Joinery is defined as any method of taking two distinct timbers and assembling them into a whole. The great thing about timber framing is that it requires no nails; just wooden pegs holding the timbers in place. This allows for a stunning aesthetic in your home. There are several different ways that timbers can be joined together. The following is a basic guide to the types of joints that go into making a timber frame home.

The most common type of joint is known as a “mortise and tenon” joint and most other joints are just variations of this joint.

Some Basics of Joinery:

Girt to Post – The post that stands upright is attached to the girt, which runs perpendicular to the post. They are connected with a mortise and tenon joint.
Kneebrace – whenever an important beam is meeting a post, a kneebrace is added. This creates a triangle which provides more strength to the structure.
Stopped-Splayed Wedged Scarf – This type of joinery is used to connect two smaller beams into one larger one.
Spline – This joinery is used when two different girts are coming together at the same post from different sides. Since one mortise and tenon joint would not be strong enough to support the two girts, this joint is added to provide tensile strength.

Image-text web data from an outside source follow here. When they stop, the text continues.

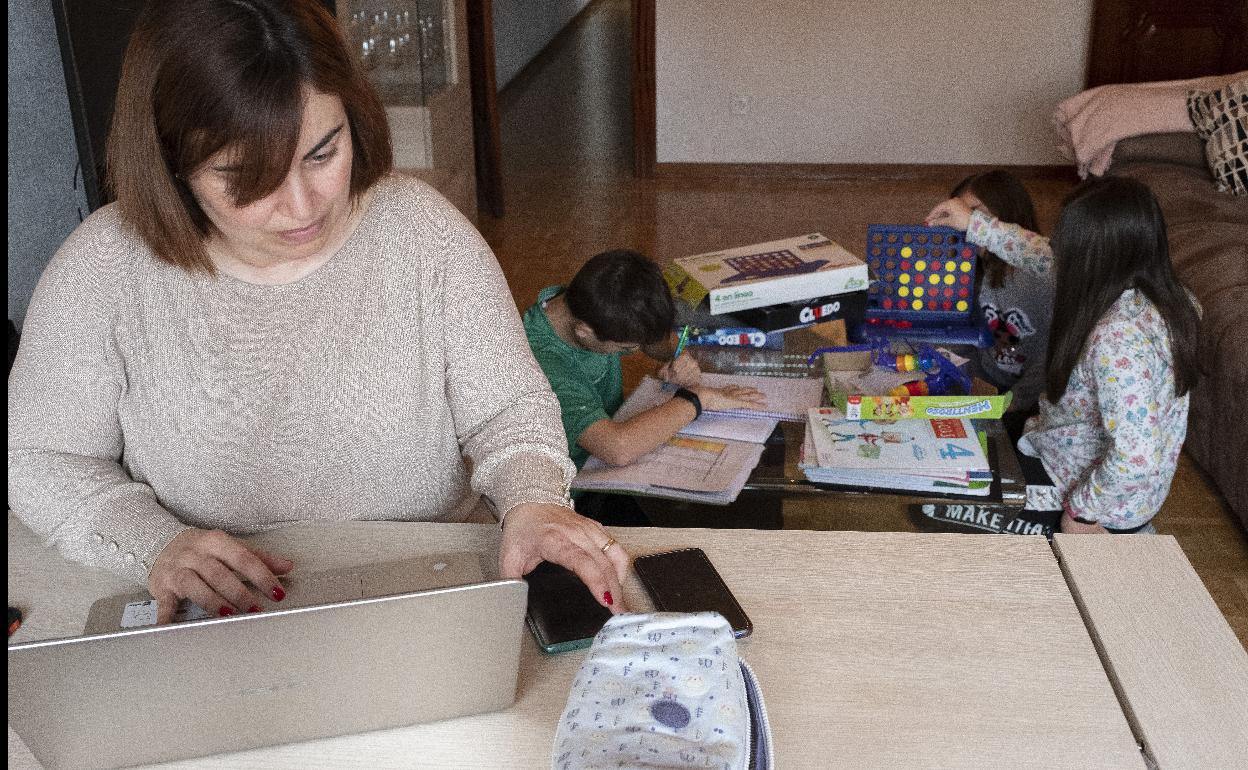 Una madre trabaja desde casa mientras sus hijos estudian al lado.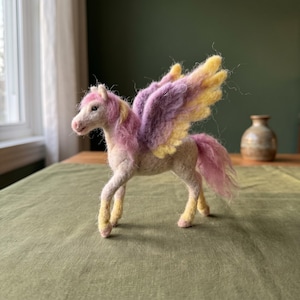 Peut inclure: Une figurine de cheval ailé en laine feutrée avec un corps crème, une crinière et une queue roses, et des ailes aux fibres de laine violettes et jaunes. Le cheval se tient sur quatre pattes aux sabots jaunâtres et possède de petits yeux sombres.
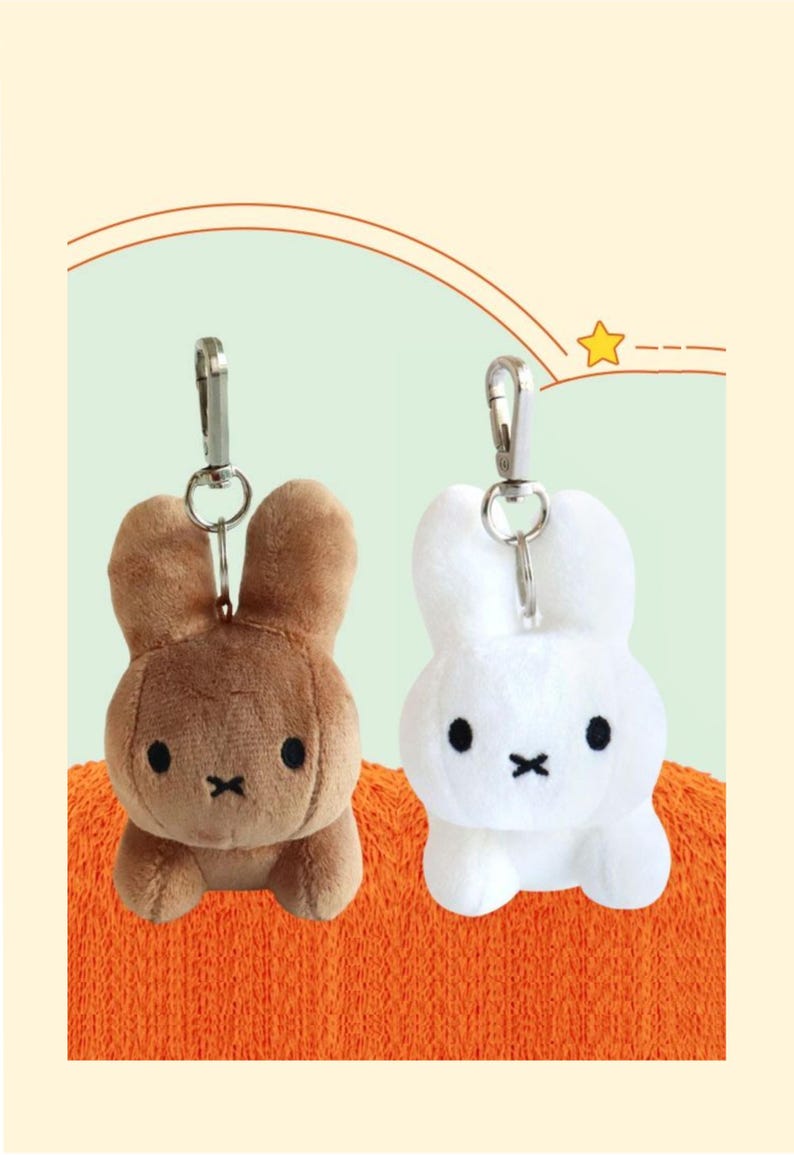 May include: Two plush bunny keychains, one brown and one white, each with a silver clip. The bunnies have black eyes and a black 'X' mouth. They are set against an orange and light green background.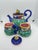 Majolica style teapot with creamer and sugar bowl. Rich colors will really make a statement in your home. Embossed leaf...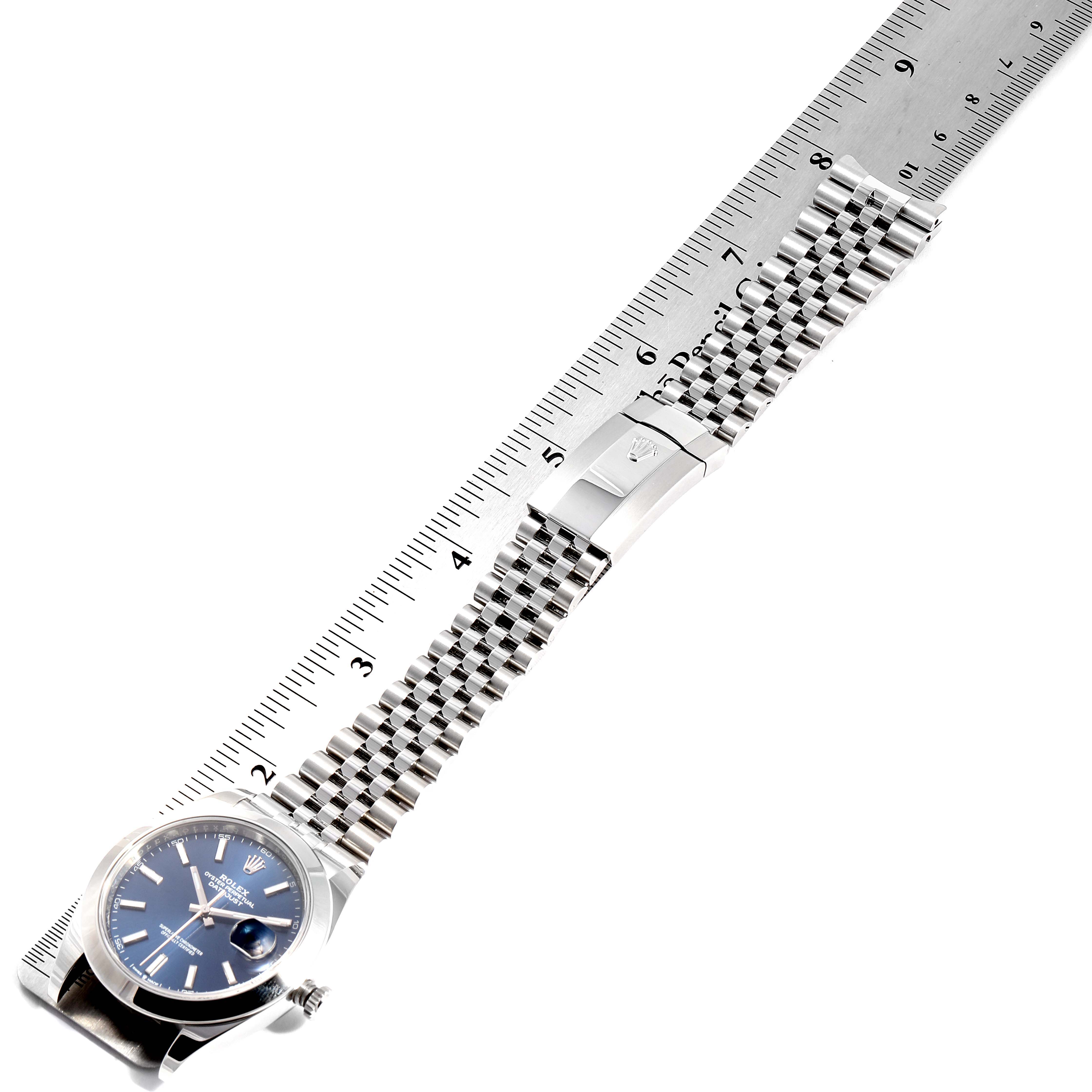 The image shows a top-down view of a Rolex Datejust 41 126300 Men's Stainless Steel Blue Dial 126300 Men's Stainless Steel Blue Dial watch, displaying the face, bracelet, and clasp against a ruler.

Timber frame homes are built to last. Many homes have survived through several generations. So what makes timber frames so strong? Timber frames have the ability to withstand different types of stress, including compression, tension, bending, and deflection. Carefully selected pieces of timber are connected together in harmony to create a strong, durable structure for the home. Whether it's a simple barn home or an elaborate mansion, timber frame homes combine history with modern technology for long-lasting results.

Want to know how timber frames will withstand the elements in your neck of the woods? Contact Woodhouse today to speak with one of our experienced specialists. 800.227.4311.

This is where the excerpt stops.